Whatever Tamerlan Tsarnaev’s affiliations may have been, they are still unknown and being investigated. While the mainstream media has trumpeted that the Tsarnaev brothers were Chechens, they were in fact originally from Dagestan, a region immediately to the north and east of Chechnya, and their family had since moved to Kyrgyzstan. Of course, separating Dagestan and Chechnya in some ways is as artificial as separating Afghanistan and Pakistan; there is considerable ethnic spillover, and Chechen Islamist activity in Dagestan goes back quite a ways.
The regions of Dagestan bordering Chechnya have a large population of Akkin Chechens, and as early as 1997, the Chechen jihadists were trying to agitate the Dagestani Chechens into joining their jihad against Russia. For the most part, these Akkin Chechens did indeed support the Caucasus-wide jihad.
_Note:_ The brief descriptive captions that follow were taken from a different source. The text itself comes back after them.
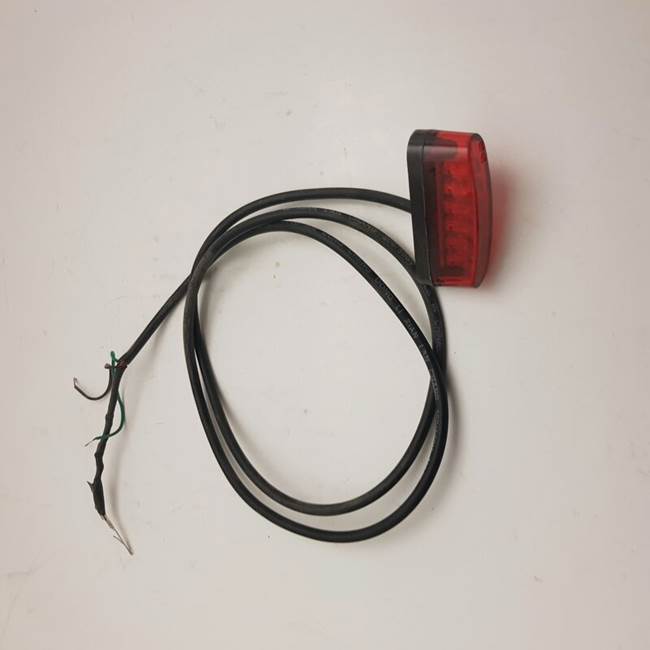 Baklampa till elscooter 2000W 60V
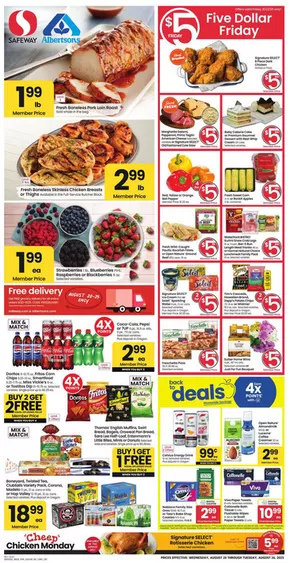 Current deals and offers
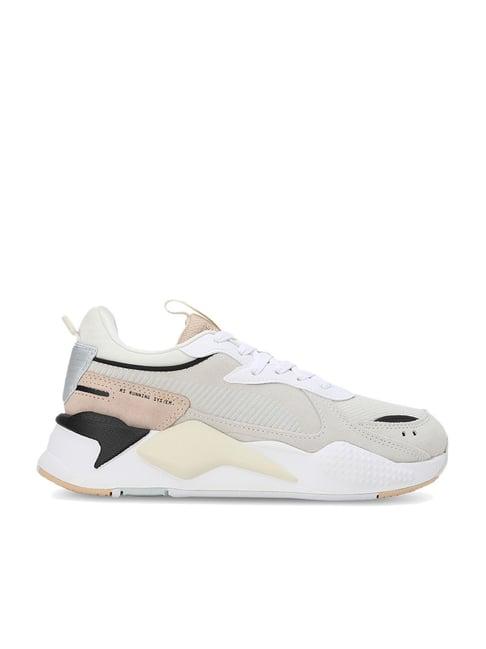 puma women's rs-x reinvent off white sneakers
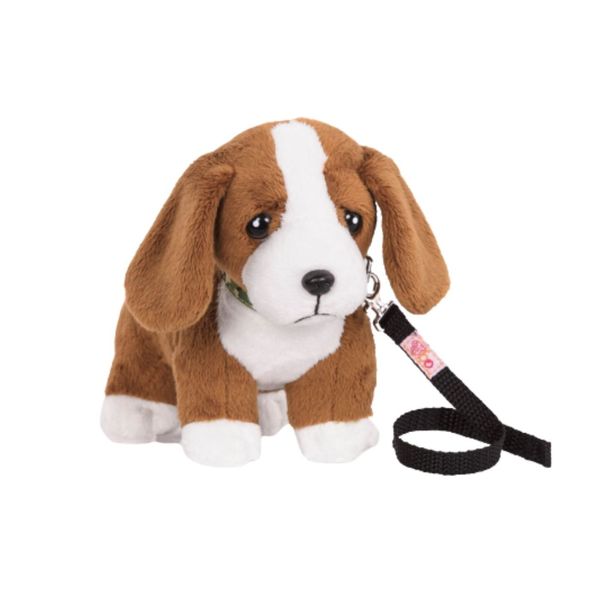 Our Generation Poseable Pups - Basset Hound 6 Inch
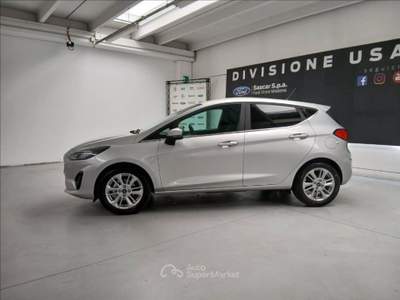 Ford Fiesta 5p 1.1 Titanium 75cv Grigio usata Modena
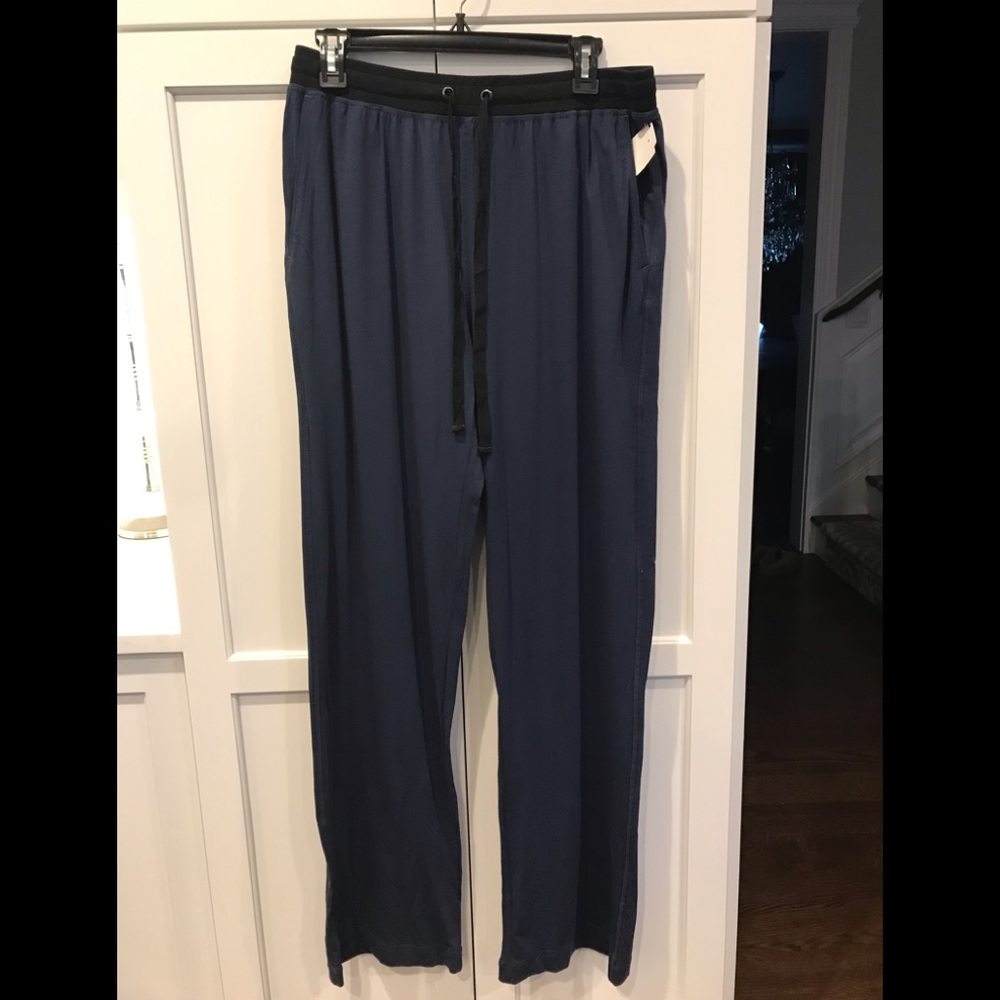 DANIEL BUCHLER NEW Stretch Cotton & Modal Pajama P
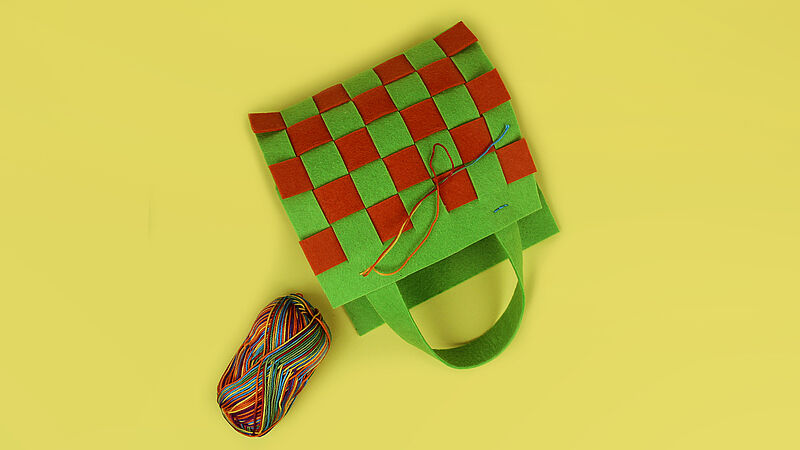 Tasche aus Filz - Anleitung 8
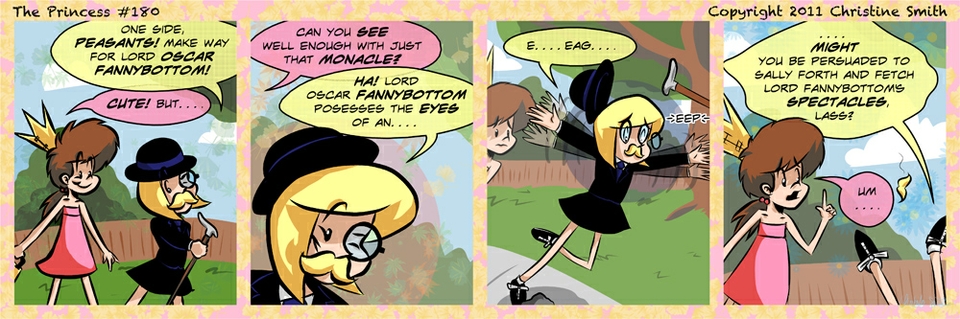 Who Is Lord Oscar Fannybottom?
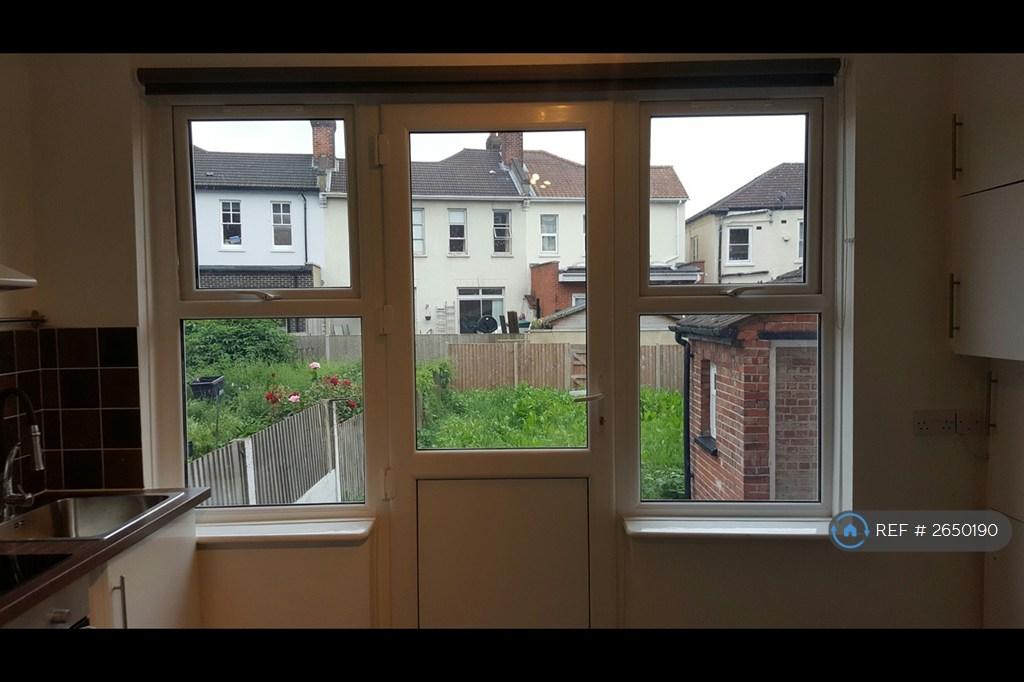 Rear View Of Garden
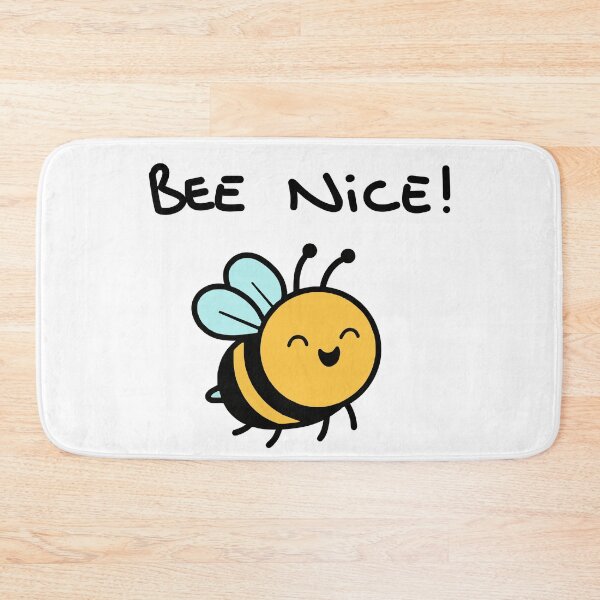 Item preview, Bee Nice! Cute Bee Design For Shirts & Stickers Funny Animal Puns designed and sold by Stocksjohn.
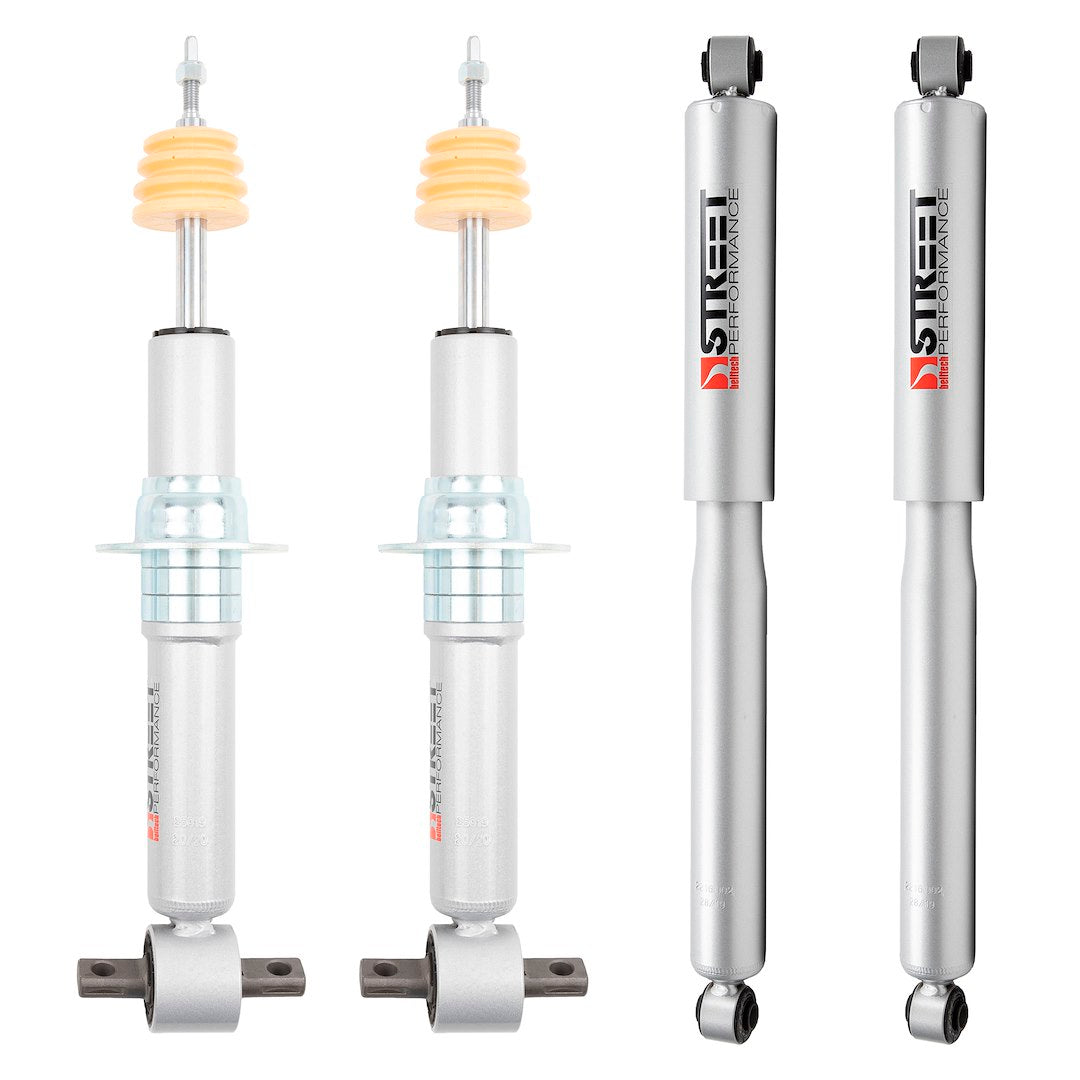 Bell Tech Street Performance Shock Absorber Nitrogen Gas Charged OE9691 - image 1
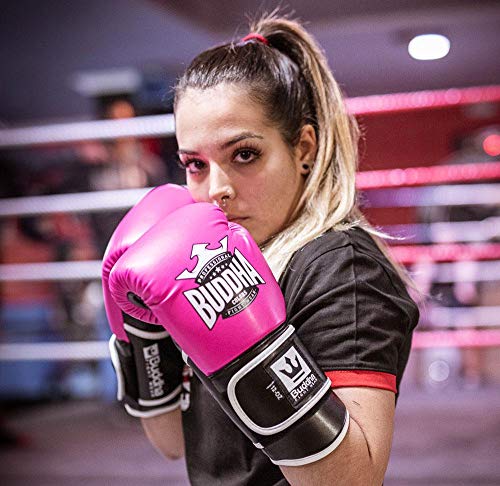 Guantes de Boxeo Muay Thai Kick Boxing Buddha Colors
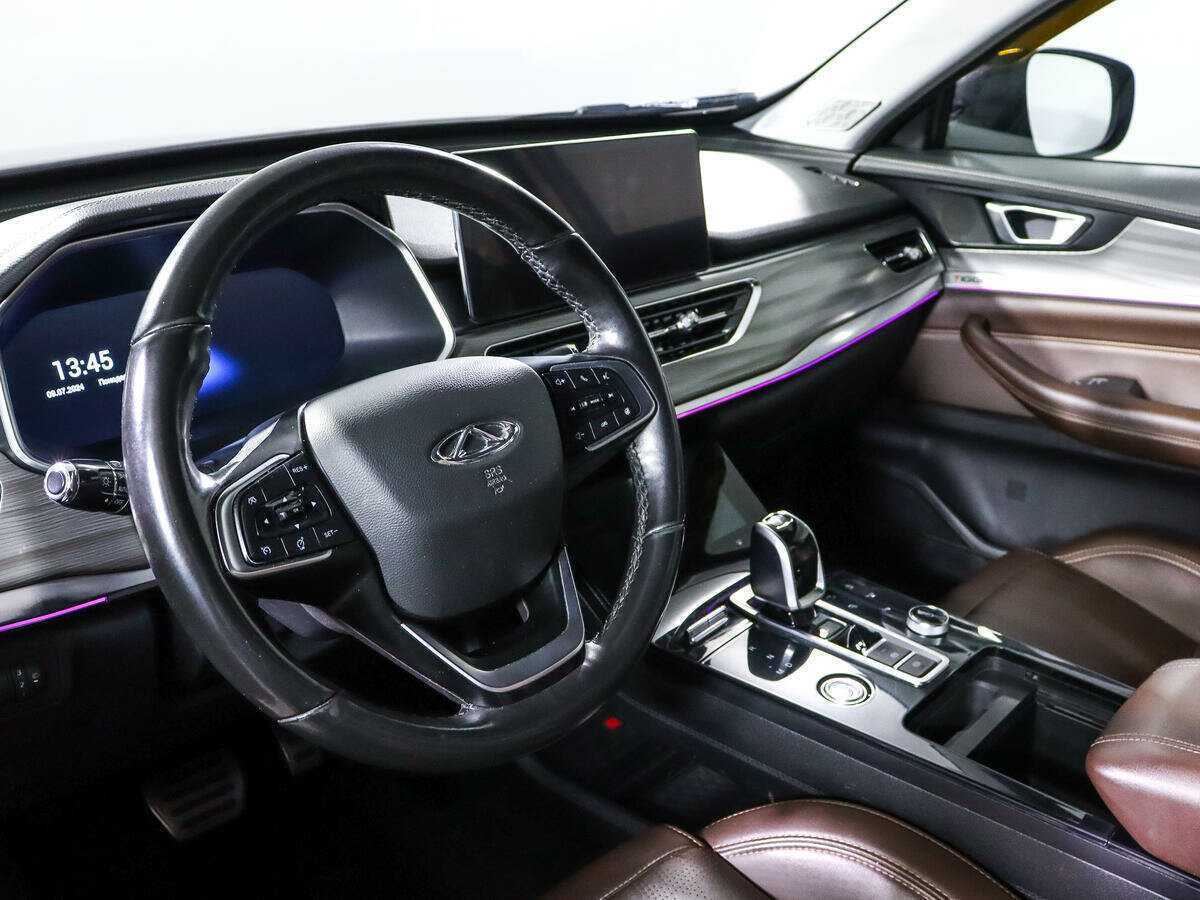 Купить Chery Tiggo 8 Pro с пробегом. Фото: #11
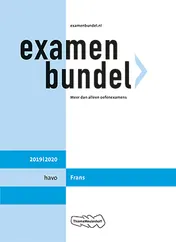 Omslag van havo Frans 2019/2020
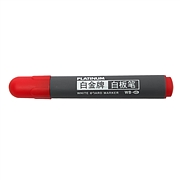 白金 塑壳白板笔 (红色) 2.0mm  WB-45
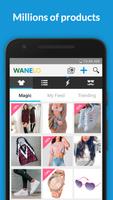 Wanelo الملصق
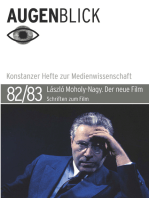 Der neue Film: László Moholy-Nagy. Schriften zum Film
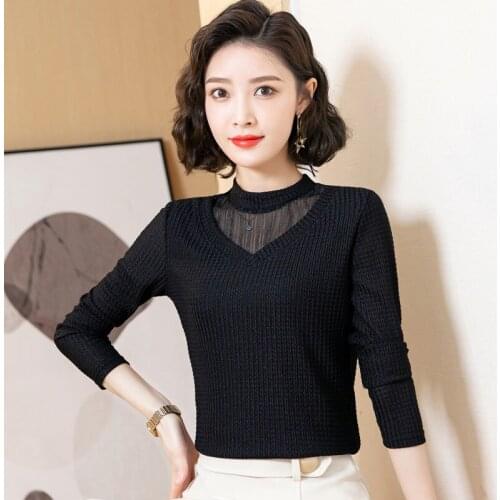 Женские трикотажные футболки KRCVES China At AliExpress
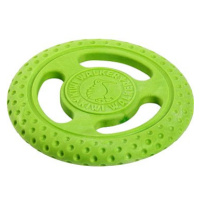 Kiwi Walker Létací a plovací frisbee z TPR pěny 22 cm zelená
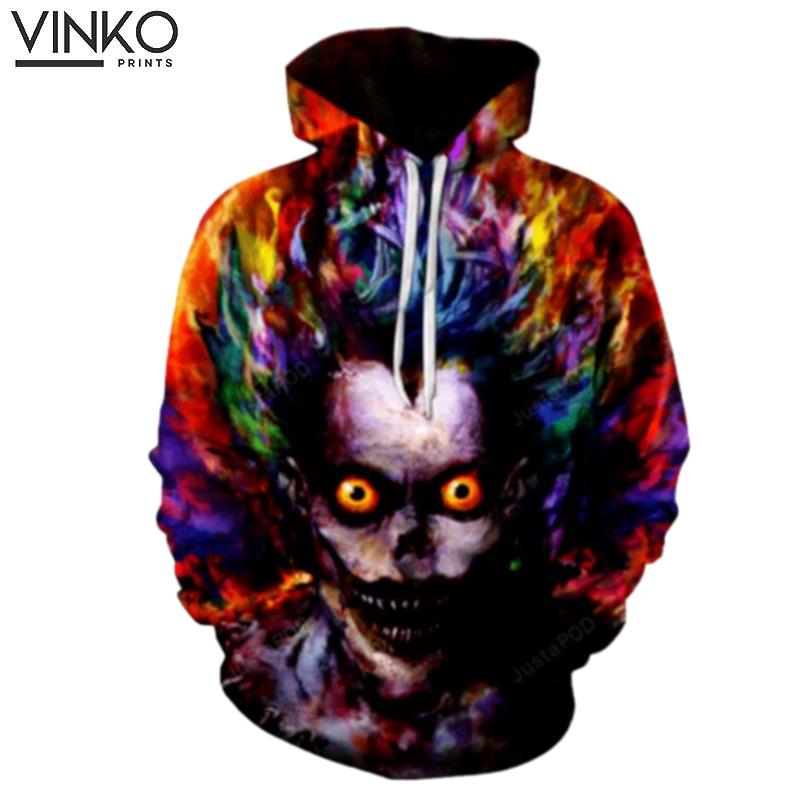 Water Color Art Joker Hoodie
It should be noted that most of the Muslims in the Caucasus region are Sufis (who are considered heretics by most Sunni and Shia Muslims), and that they lean toward more of a philosophy based on pacifism and mysticism. However, Soviet anti-religious activity had the effect of rendering a lot of the sheikhs religious, while actually being ignorant of their own theology. This opened the door to the jihadists in later years.
Many of the al-Qaeda affiliated Islamist groups in Chechnya and Dagestan are grouped together in the Caucasus Emirate, led by Doku Umarov, who masterminded the Beslan massacre. One of these groups, Vilayet Dagestan, issued a statement about the Boston bombing on April 21st. In their statement, they neither confirmed nor denied that Tsarnaev (who did travel to Dagestan last year) had any affiliation with them, but simply stated that they are at war with Russia, not the United States. They went on to suggest that the U.S. should look into the Russian Security Forces, implying that the Russians were responsible for the attack. They also said that Umarov had ordered them not to attack civilians. (The same Umarov who was responsible for the massacre of schoolchildren in Beslan.)
Terrorist groups are not known for their veracity. The pattern of blaming their enemy for their own actions has been seen before; some Al Qaeda-affiliated groups have blamed 9/11 on the US government, for example. (They’re not the only ones, but the tinfoil hat brigade doesn’t enter into this article.) Some of this is pure propaganda. Many Islamist terror groups present themselves as victimized resistance, and taking offensive action against civilians would damage that image. Furthermore, Tsarnaev’s YouTube channel included several videos from Vilayet Dagestan, suggesting that there may have been a link that they at present do not want to acknowledge.
All in all, the picture is still unclear. Whether or not Tsarnaev was part of Vilayet Dagestan, or simply sympathetic to them, is still unknown. We live in an age of open-source warfare, where chains of command are hazy or nonexistent. The fact that Vilayet Dagestan is attempting to shift blame for the attack on the Russians, who had warned the U.S. about Tsarnaev in 2011, speaks to possible complicity, but there is no definitive answer yet.